____ The input
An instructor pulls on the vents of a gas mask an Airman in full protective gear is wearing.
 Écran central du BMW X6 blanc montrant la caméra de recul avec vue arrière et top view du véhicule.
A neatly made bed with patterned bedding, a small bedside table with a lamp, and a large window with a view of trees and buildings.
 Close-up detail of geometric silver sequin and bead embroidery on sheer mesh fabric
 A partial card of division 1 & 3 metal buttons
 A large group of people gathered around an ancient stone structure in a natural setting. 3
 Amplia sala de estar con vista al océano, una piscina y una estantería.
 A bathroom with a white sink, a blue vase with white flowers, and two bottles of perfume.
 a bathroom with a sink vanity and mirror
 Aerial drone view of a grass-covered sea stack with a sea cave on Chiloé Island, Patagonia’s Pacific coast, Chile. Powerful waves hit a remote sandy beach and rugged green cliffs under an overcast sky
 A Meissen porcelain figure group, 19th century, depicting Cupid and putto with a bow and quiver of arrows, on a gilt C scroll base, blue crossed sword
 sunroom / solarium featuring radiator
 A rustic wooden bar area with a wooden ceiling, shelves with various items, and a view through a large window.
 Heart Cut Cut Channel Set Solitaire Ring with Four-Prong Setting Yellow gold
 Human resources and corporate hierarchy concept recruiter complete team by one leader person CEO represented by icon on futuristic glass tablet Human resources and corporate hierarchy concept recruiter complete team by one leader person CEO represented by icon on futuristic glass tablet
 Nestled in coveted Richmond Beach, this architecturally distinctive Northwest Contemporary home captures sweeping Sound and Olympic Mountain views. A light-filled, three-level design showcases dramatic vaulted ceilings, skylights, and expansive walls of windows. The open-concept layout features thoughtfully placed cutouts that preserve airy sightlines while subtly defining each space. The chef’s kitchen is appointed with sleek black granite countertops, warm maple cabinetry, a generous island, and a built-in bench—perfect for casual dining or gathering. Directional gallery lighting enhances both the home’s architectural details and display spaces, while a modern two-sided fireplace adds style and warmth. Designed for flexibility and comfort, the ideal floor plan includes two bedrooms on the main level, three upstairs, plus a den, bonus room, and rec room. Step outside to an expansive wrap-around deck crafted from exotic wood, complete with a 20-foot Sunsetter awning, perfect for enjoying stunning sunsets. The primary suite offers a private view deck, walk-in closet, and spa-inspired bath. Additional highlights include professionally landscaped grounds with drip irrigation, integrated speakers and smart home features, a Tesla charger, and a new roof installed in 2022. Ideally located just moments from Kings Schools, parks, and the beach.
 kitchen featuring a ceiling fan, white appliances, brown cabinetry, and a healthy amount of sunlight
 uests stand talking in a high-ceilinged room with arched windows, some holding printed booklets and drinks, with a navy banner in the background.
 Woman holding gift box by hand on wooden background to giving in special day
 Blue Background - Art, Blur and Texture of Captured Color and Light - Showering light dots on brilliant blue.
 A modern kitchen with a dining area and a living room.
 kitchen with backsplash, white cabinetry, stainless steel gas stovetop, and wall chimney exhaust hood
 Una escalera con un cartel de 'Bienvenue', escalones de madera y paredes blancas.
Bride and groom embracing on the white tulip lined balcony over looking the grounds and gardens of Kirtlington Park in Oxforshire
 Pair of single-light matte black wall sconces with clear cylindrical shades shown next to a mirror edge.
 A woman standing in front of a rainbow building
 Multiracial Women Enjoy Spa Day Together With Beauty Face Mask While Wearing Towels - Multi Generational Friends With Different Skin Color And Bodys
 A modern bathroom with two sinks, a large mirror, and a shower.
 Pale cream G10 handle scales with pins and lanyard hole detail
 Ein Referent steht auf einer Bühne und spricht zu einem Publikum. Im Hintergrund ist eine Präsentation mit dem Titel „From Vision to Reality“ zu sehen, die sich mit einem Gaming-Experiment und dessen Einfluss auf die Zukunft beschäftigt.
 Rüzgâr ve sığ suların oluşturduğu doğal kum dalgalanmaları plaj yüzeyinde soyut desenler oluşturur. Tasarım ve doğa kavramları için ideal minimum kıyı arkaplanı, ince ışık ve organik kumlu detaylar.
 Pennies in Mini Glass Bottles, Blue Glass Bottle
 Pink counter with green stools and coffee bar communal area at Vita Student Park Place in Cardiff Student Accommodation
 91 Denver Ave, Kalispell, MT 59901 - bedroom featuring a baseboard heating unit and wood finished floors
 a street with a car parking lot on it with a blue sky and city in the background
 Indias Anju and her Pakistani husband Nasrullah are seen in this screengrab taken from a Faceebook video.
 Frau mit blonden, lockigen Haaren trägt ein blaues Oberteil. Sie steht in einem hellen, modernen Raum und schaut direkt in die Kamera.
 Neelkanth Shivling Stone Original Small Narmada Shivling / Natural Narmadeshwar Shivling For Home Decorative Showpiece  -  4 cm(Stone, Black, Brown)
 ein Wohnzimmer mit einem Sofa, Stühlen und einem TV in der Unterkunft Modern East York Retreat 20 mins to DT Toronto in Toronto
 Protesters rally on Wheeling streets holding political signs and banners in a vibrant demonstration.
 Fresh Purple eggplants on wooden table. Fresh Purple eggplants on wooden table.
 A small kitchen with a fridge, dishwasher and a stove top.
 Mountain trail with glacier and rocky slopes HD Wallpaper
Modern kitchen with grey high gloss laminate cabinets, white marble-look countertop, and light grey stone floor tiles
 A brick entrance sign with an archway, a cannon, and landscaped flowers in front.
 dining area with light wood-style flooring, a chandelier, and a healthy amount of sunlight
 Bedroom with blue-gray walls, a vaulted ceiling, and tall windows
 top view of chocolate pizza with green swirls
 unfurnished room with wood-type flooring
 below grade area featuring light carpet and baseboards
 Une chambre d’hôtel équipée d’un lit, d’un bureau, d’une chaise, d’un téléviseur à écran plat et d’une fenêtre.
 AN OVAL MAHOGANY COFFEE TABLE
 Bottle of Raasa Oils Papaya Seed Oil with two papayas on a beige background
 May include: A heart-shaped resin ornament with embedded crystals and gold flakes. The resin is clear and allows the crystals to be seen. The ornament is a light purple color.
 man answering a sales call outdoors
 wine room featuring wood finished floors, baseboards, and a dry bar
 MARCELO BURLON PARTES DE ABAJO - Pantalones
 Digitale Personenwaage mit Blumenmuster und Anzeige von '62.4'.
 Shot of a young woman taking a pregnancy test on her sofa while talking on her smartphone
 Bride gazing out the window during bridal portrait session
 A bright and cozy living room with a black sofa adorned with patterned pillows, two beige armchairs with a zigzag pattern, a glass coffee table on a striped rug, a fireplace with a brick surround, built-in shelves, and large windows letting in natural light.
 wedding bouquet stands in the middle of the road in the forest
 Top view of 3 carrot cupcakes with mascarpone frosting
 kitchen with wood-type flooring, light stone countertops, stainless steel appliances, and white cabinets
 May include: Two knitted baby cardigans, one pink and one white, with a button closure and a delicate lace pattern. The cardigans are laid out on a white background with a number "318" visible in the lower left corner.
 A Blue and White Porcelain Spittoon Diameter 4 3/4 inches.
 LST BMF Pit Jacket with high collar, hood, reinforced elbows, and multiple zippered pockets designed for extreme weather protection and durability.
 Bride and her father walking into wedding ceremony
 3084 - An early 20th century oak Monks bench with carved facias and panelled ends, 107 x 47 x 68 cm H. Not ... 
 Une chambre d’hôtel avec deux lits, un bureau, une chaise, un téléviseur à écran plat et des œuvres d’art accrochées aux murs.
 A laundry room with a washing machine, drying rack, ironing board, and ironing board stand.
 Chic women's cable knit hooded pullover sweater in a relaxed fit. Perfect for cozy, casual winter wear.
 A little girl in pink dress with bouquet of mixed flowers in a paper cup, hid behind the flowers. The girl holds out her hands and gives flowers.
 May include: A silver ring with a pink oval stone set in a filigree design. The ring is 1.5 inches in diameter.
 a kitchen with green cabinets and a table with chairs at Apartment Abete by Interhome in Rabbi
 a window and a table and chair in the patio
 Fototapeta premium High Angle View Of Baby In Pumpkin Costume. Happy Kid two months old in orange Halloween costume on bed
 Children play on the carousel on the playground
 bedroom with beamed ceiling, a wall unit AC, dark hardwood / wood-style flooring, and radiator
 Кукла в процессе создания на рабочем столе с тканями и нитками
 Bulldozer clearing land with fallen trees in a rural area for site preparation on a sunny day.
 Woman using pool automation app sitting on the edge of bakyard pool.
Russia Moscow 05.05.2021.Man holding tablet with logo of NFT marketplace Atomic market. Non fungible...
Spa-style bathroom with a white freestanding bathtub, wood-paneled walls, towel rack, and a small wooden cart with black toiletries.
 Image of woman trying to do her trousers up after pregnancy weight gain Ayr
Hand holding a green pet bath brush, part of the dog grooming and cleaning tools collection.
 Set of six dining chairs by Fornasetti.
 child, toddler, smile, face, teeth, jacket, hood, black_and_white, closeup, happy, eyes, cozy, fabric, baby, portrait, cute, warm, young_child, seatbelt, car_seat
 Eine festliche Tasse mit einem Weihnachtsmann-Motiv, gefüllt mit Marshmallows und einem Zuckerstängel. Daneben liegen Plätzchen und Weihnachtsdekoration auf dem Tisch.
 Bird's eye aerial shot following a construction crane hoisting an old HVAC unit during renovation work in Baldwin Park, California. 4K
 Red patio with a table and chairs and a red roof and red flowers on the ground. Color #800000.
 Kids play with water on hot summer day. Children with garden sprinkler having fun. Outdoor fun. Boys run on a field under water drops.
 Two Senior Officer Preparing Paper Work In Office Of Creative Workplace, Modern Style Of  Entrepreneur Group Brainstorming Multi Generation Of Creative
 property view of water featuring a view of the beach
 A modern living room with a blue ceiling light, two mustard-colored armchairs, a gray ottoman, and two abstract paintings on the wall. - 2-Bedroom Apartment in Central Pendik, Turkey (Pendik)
________
#### [Your assignment]
Copy each line of the records that contains the word "baseboards".

#### [Expected answer]
 below grade area featuring light carpet and baseboards
 wine room featuring wood finished floors, baseboards, and a dry bar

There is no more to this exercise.